_TASK STATEMENT_
Taking the data below, please print only the lines from the line holding "Now this is" to the line holding "Hey everyone, welcome", inclusive, with pictures omitted.

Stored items

------------------------------

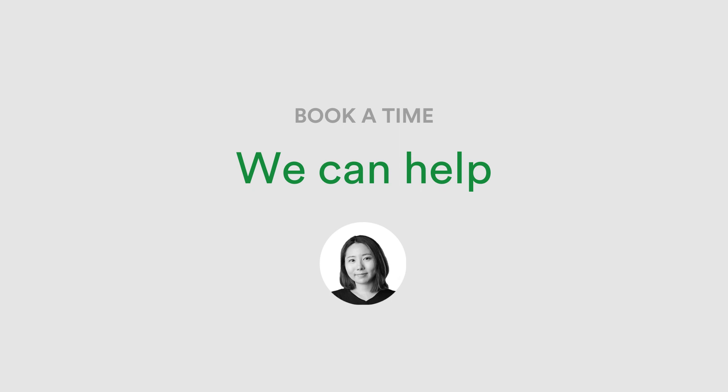If you'd like advice or assistance in setting up your integration to work perfectly with your creative workflow in Monday.com, book a time using the link in the video description below.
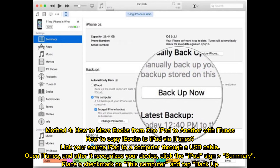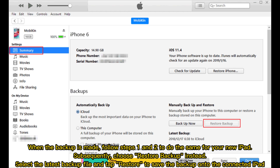Method four: how to move books from one iPad to another with iTunes. Link your source iPad to a computer through a USB cable. Open iTunes and after it recognizes your device, click the iPad sign, then Summary. Place a check mark on This Computer and tap Backup.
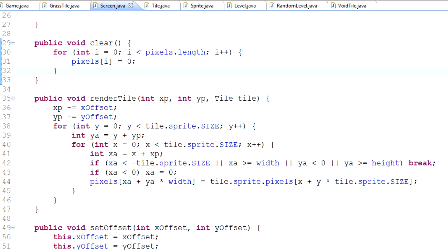Hey, what's up guys? My name is Echerno and welcome to episode 39 of Game Programming. Today we're going to take a look at the entity framework and sort of how we're going to use entities in our game. So first of all, what is an entity?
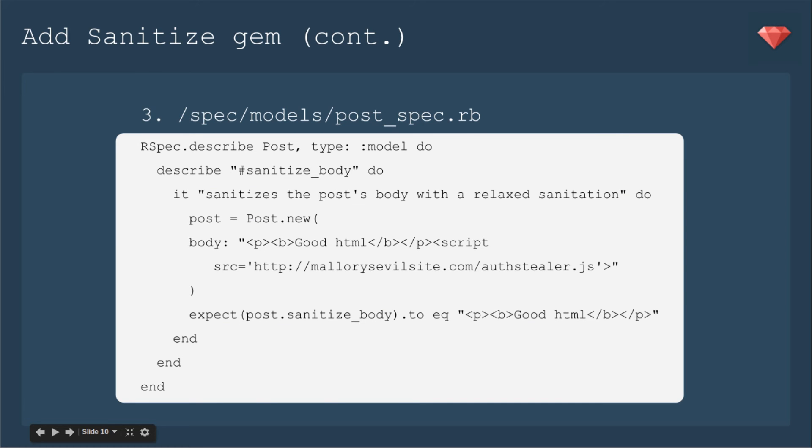So we're going to install gem sanitize and then bundle it. To use sanitize, we're going to put in a before save method that will sanitize everything that's been put into that body text block through the Froala WYSIWYG, sanitize it, and then save it.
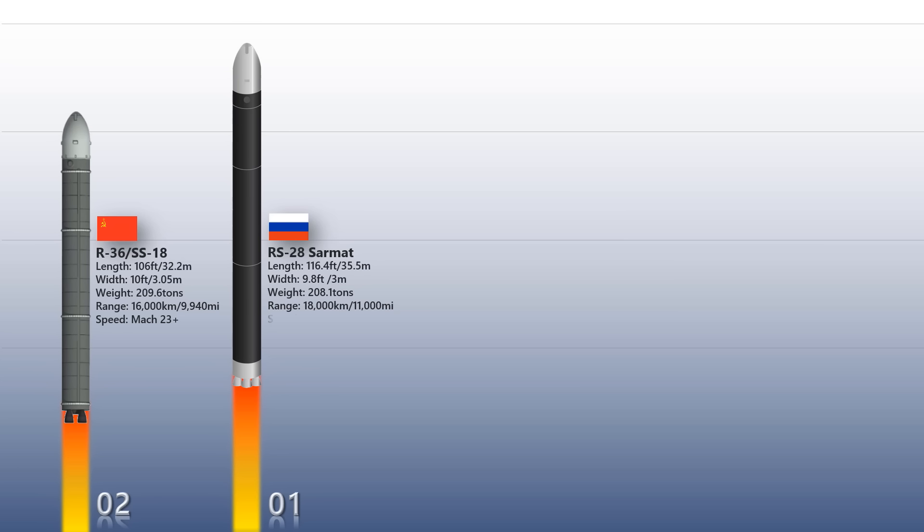The missile will be able to deliver 10 to 15 MIRVs, and its mass is about 200 tons and a length of 35.5 meters. The expected operational range is up to 18,000 kilometers and speed of Mach 20.7. And with that, we're signing off for today.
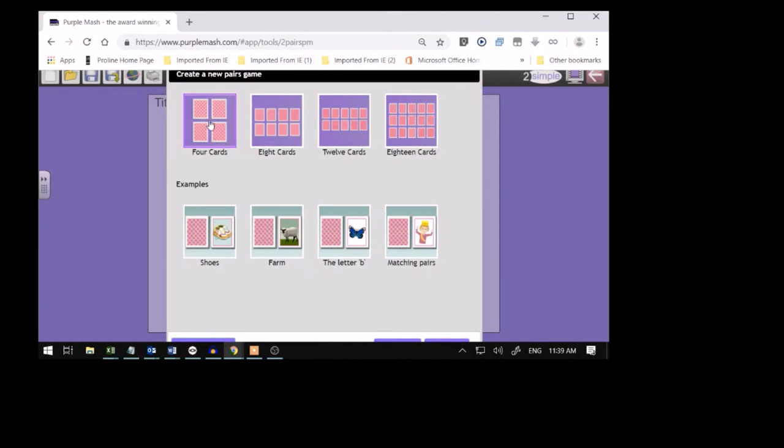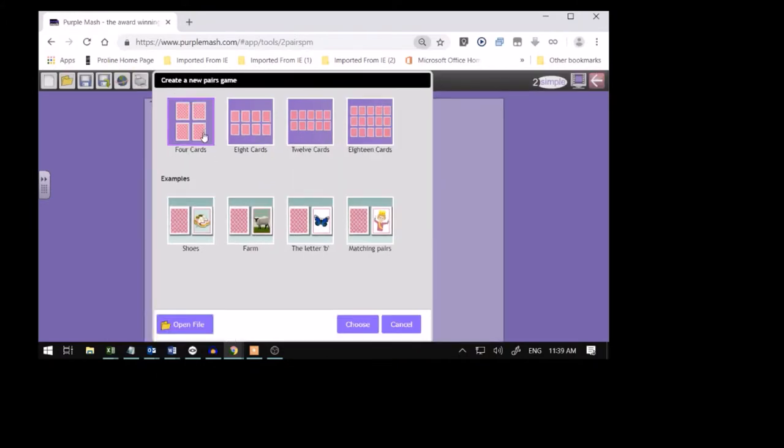And we're going to go with four cards. You click on the four cards. And you go there. Click on the four cards. Look what I'm showing you. Four cards. You click Choose.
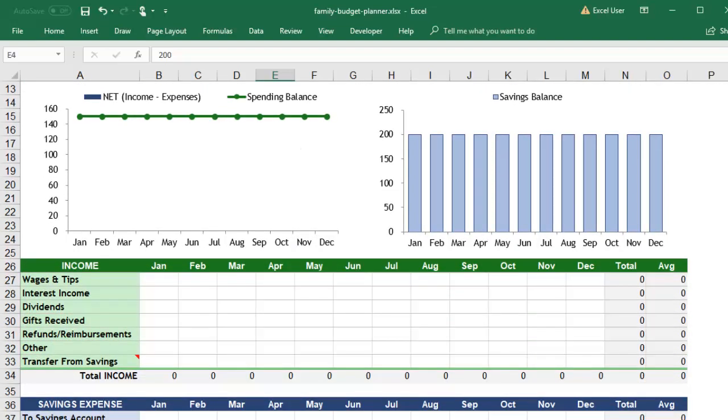The budget has one section for income, one section for savings, and a lot of different sections for spending.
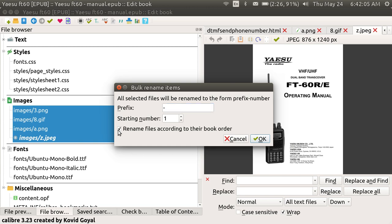So I'm going to put a check mark in that. Hit OK. Now I've got a prefix I just added in there, just a dash. You could put anything you wanted to. You could put XYZ or just Z. And hit OK.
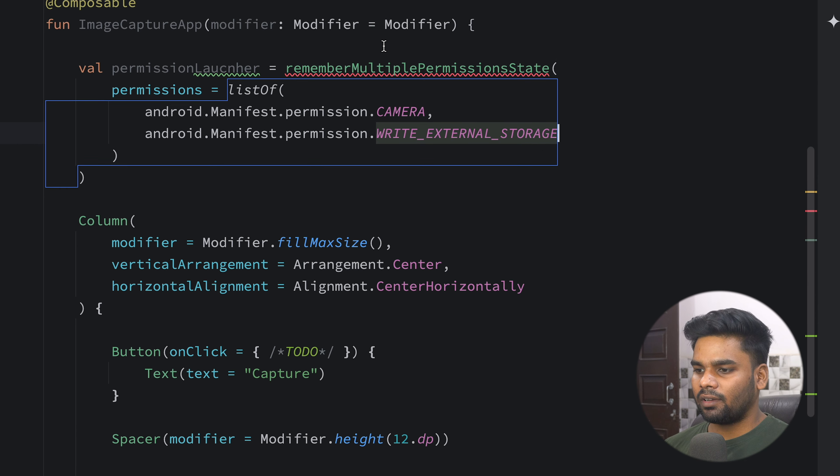We need a few states to hold information about our image URI and image file. So: imageUri is a rememberMutableStateOf a nullable URI, initially null. Similarly, imageFile is a rememberMutableStateOf a nullable File, initially null.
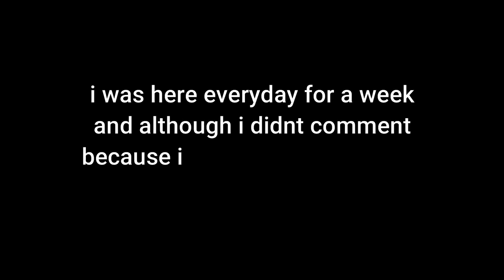Your streams are no longer exciting for me. I was here every day for a week, and although I didn't comment because I was playing creative with my friends, you didn't notice.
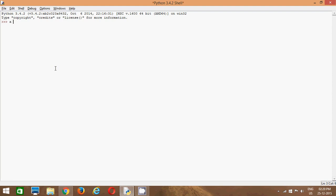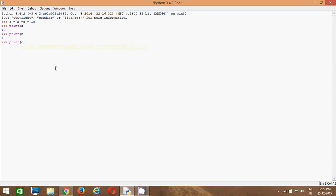For example, you have A, then B, then you have C, and you want to assign N. Now I will say print A, print B, print C. You can see, in one line, I have assigned the same value to three different variables.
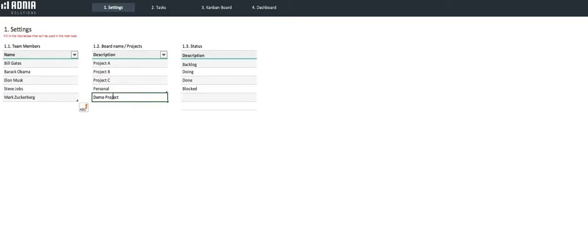Let's look into the last list, the status. We can add up to six statuses. Let's add a new one we'll call Waiting for Approval.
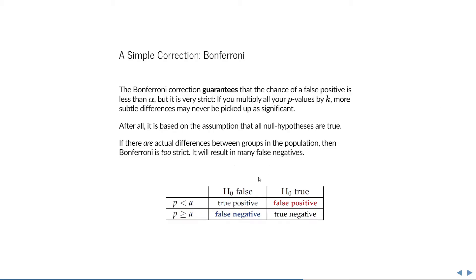So just as a small recap: a false positive is when we reject the null hypothesis even though in the population the null hypothesis is true, or there is no difference between the groups for example. A false negative is the exact opposite — it is when we fail to reject the null hypothesis, even though it is not true in the population. A perfect correction would prevent as many false positives as possible, while also preventing too many false negatives.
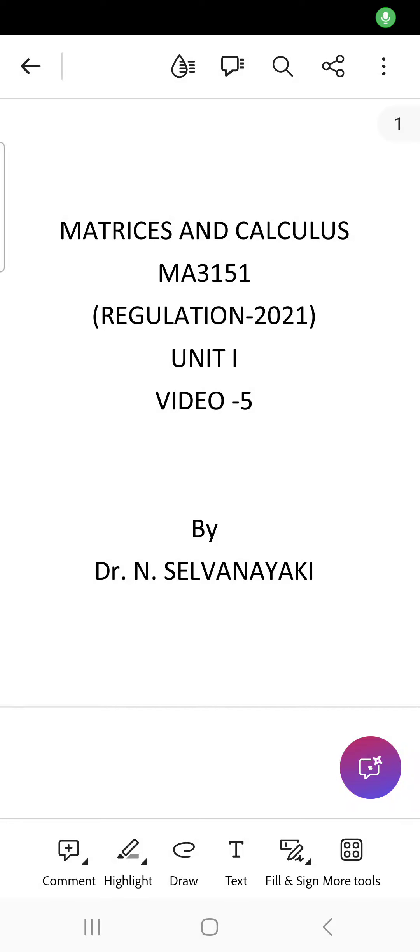In the previous video, we discussed matrices, types of matrices, eigenvalue eigenvectors for symmetric and non-symmetric matrices, and also solved for A inverse and A to the power 4 using the Cayley-Hamilton theorem.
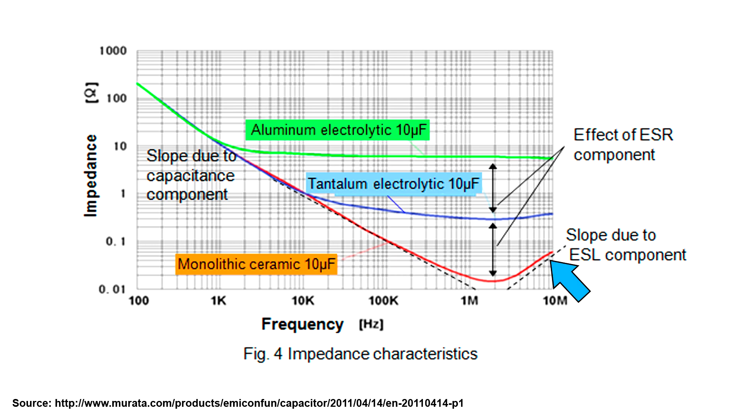Now this is interesting. Because the ceramic capacitor has a certain ESL, once you get into the really high frequencies, the inductance really starts affecting things, and impedance actually goes up. So after a certain point, you start picking out capacitors not for their capacitance value, but based on their equivalent series inductance and equivalent series resistance.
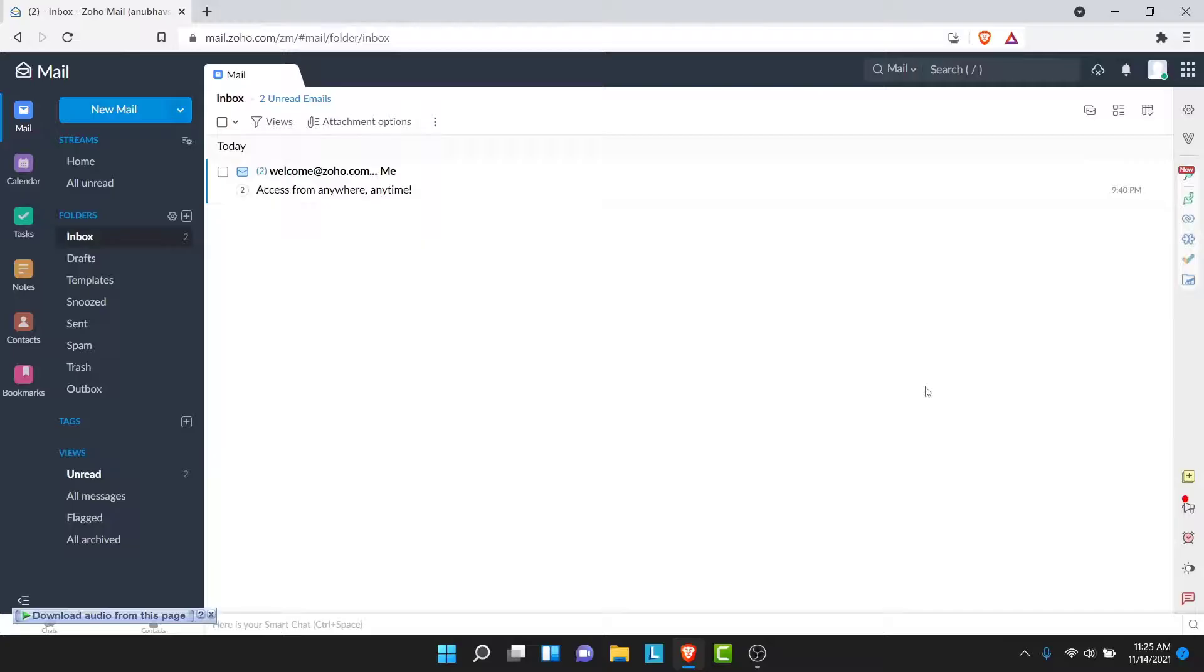Now you can use a Zoho Mail account in order to send and receive emails from different people at different times. You can use it for your business or for your personal use.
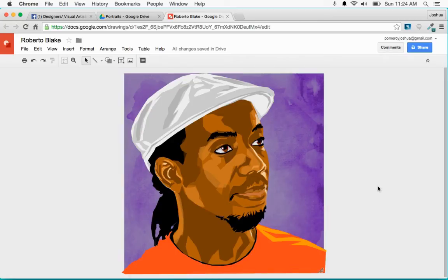Hi everybody, this is Josh from Pileware Creative. I wanted to show you in this video how the vector portraits work when you open them in something like Illustrator or iDraw, or a vector application of your choice, for a couple of reasons. One, I want to show you how to pull everything apart when you download it as a PDF or as an SVG from Google Drawings.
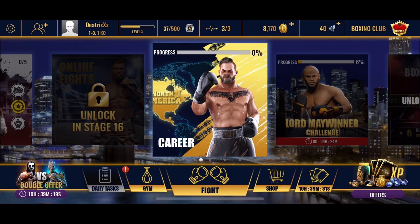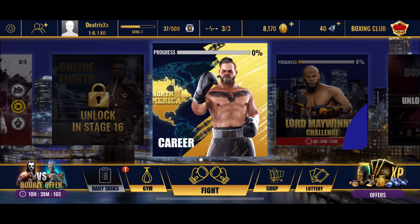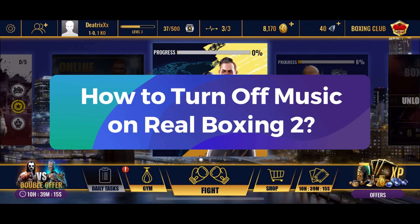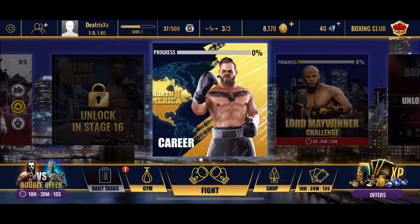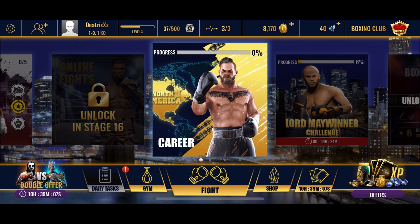Hey everyone, welcome to Gaming Explained. In today's video, I'm going to show you how to turn off music on Real Boxing 2. So let's get started. First, open the Real Boxing 2 game.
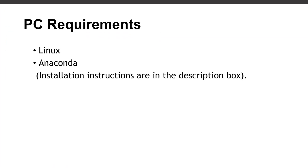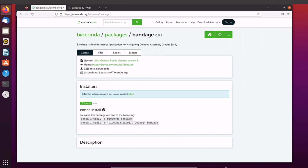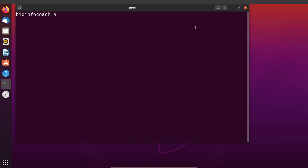In order to follow this tutorial you need to make sure you have Anaconda installed on your PC. I have tutorials that show how to install Anaconda, so check the description box and you'll find links to those tutorials. Now let's open our terminal. On the terminal, the first thing we will do is to add our conda channel.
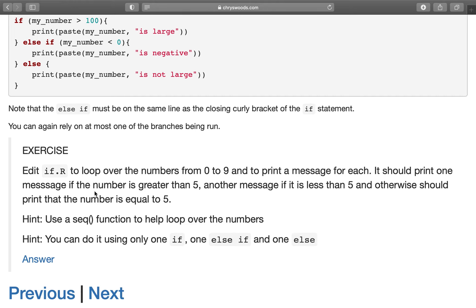We now have the final exercise from the conditionals block. Edit if.r to loop over the numbers from 0 to 9 and print a message for each. Print one message if the number is greater than 5, another if it is less than 5, and otherwise print that the number equals 5. Remember, you can use the seq function to loop over the numbers. You can do this with only one if, one else if, and one else — but any approach is fine. Press pause, and when you come back I'll show you the answer.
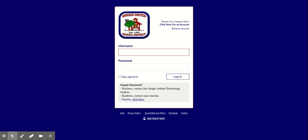Hello Sanger Unified Parents. I am going to take a few minutes to walk you through the parent account in Canvas so you can be more familiar with how to navigate that platform. So I'm on a web browser. I'm currently using Chrome. You could use Safari, but Chrome is usually a better option.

------------------------------

_OUTPUT BELOW_
Now this is interesting. Because the ceramic capacitor has a certain ESL, once you get into the really high frequencies, the inductance really starts affecting things, and impedance actually goes up. So after a certain point, you start picking out capacitors not for their capacitance value, but based on their equivalent series inductance and equivalent series resistance.
Now you can use a Zoho Mail account in order to send and receive emails from different people at different times. You can use it for your business or for your personal use.
Hi everybody, this is Josh from Pileware Creative. I wanted to show you in this video how the vector portraits work when you open them in something like Illustrator or iDraw, or a vector application of your choice, for a couple of reasons. One, I want to show you how to pull everything apart when you download it as a PDF or as an SVG from Google Drawings.
Hey everyone, welcome to Gaming Explained. In today's video, I'm going to show you how to turn off music on Real Boxing 2. So let's get started. First, open the Real Boxing 2 game.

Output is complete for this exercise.